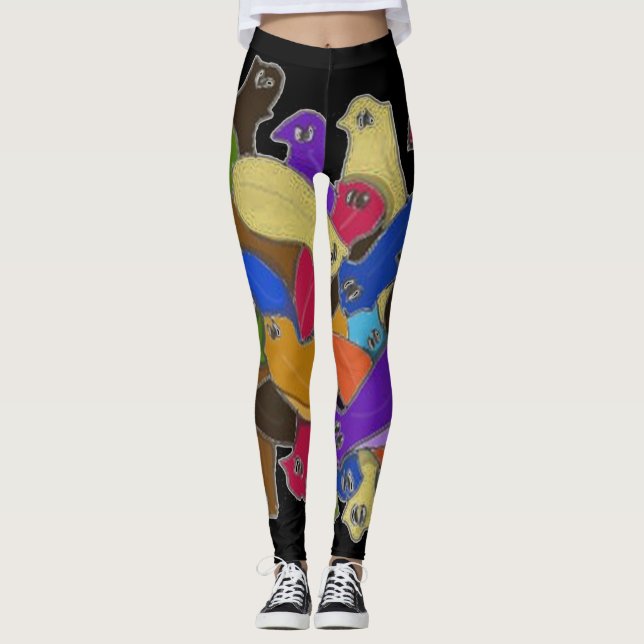 Crazy Kor Eyed Planarian Mask Leggings (Framsida)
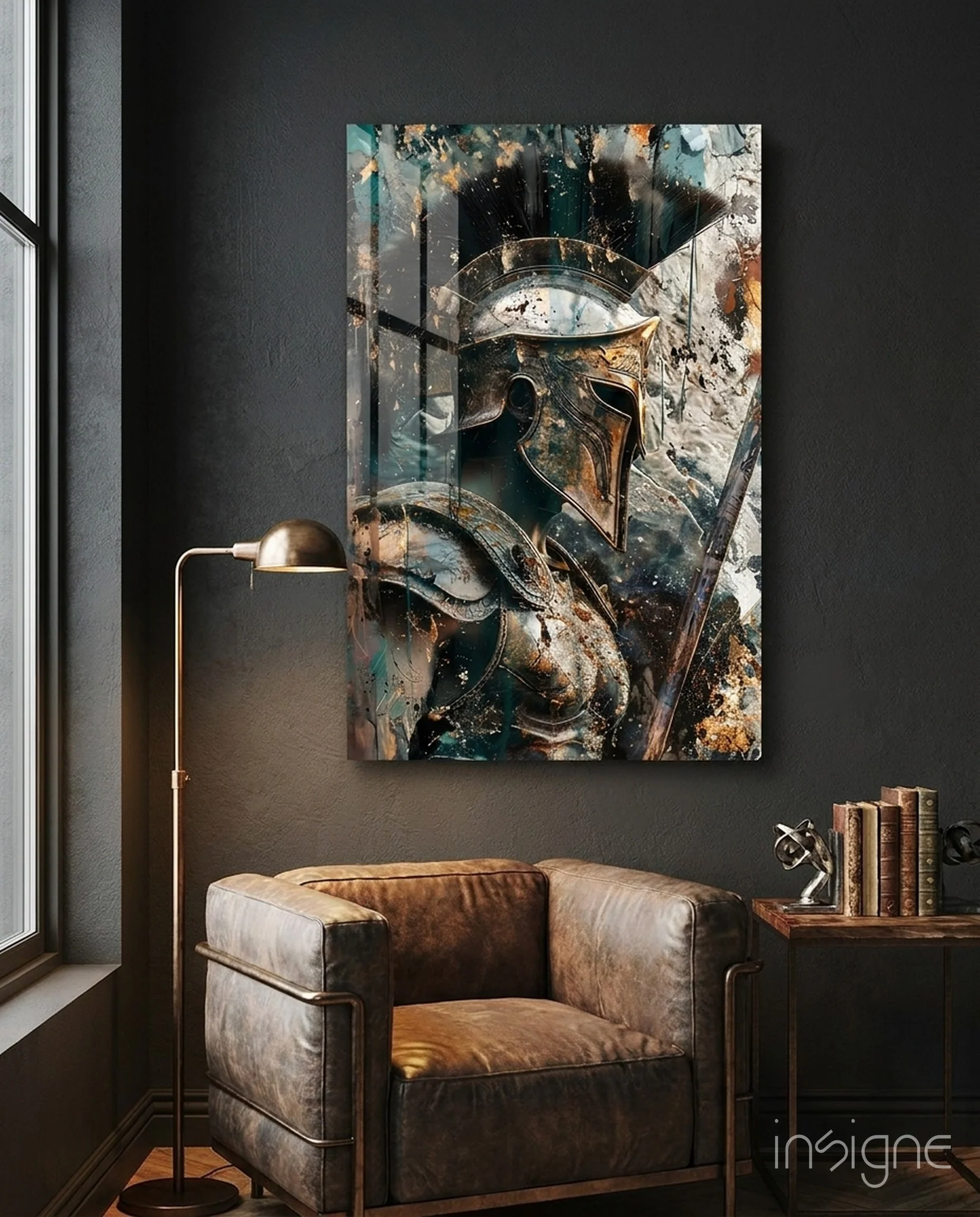 Teal Gold Spartan Helmet Glass Wall Art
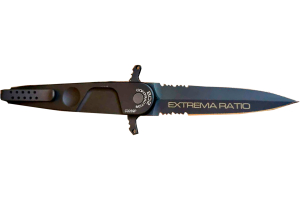 Extreme Ratio BD2 CONTRACTOR, Couteau pliant tactique, lame dentelée de double tranchant, double garde de sécurité, disponible en noir et désert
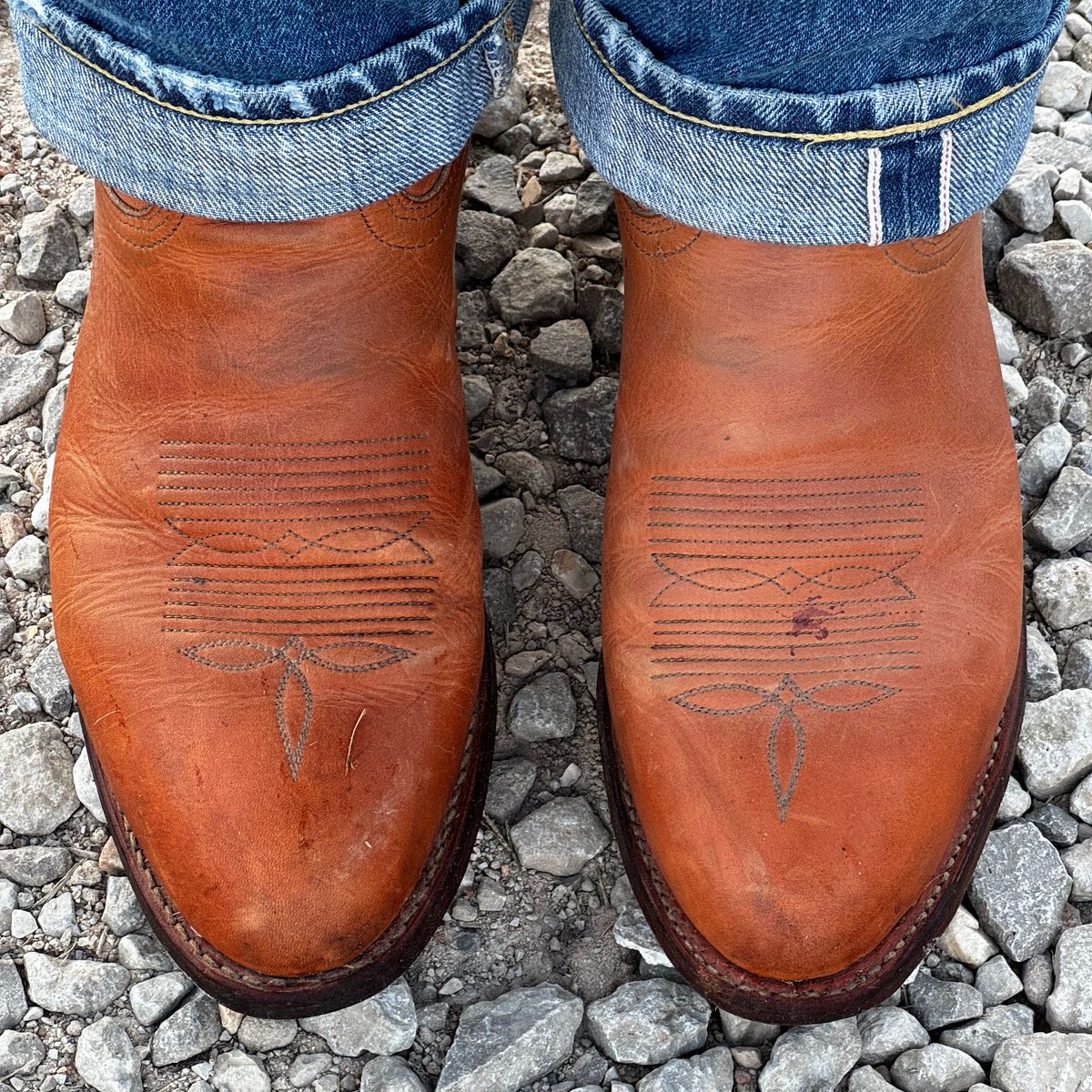 Photo by missouridenimdad on July 4, 2026 of the Pearl Boot Company Mens Roper Heel in Horween Natural Derby.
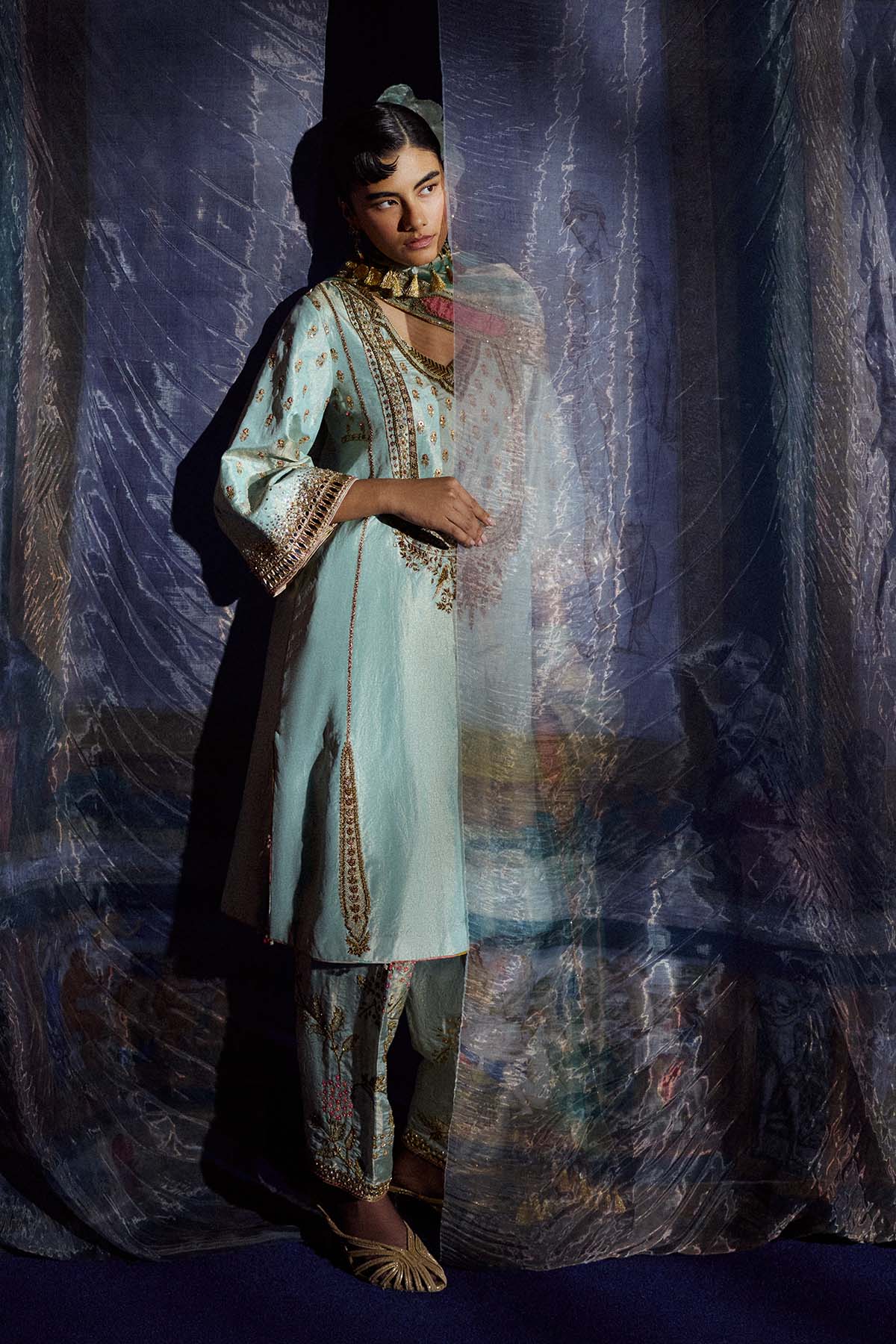 Mastani Powder Blue Tissue Choga Salwar Set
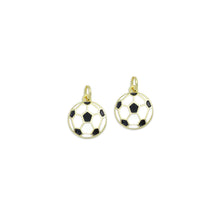Load image into Gallery viewer, White Black Enamel Soccer Ball Charm Pendant,Sku#LX853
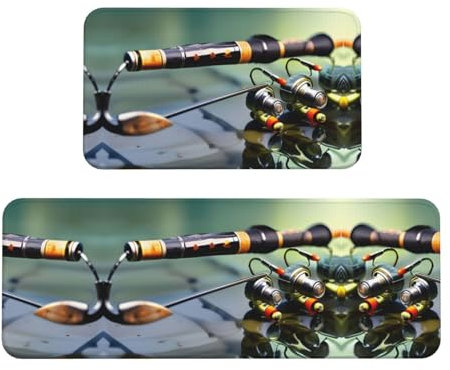 Tappetino da cucina con canna da pesca, antiscivolo, facile da pulire, spesso, per cucina, lavello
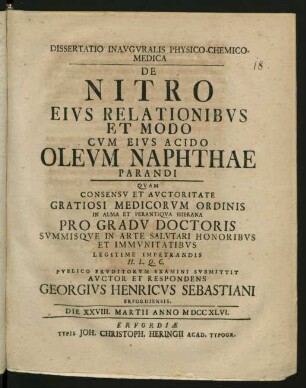 Dissertatio Inauguralis Physico-Chemico-Medica De Nitro Eius Relationibus Et Modo Cum Eius Acido Oleum Naphthae Parandi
———
Task goal »
Reproduce the listing verbatim, and keep the pictures out of the copy.

Exercise solution »
 Crazy Kor Eyed Planarian Mask Leggings (Framsida)
 Teal Gold Spartan Helmet Glass Wall Art
 Extreme Ratio BD2 CONTRACTOR, Couteau pliant tactique, lame dentelée de double tranchant, double garde de sécurité, disponible en noir et désert
 Photo by missouridenimdad on July 4, 2026 of the Pearl Boot Company Mens Roper Heel in Horween Natural Derby.
 Mastani Powder Blue Tissue Choga Salwar Set
Load image into Gallery viewer, White Black Enamel Soccer Ball Charm Pendant,Sku#LX853
 Tappetino da cucina con canna da pesca, antiscivolo, facile da pulire, spesso, per cucina, lavello
 Dissertatio Inauguralis Physico-Chemico-Medica De Nitro Eius Relationibus Et Modo Cum Eius Acido Oleum Naphthae Parandi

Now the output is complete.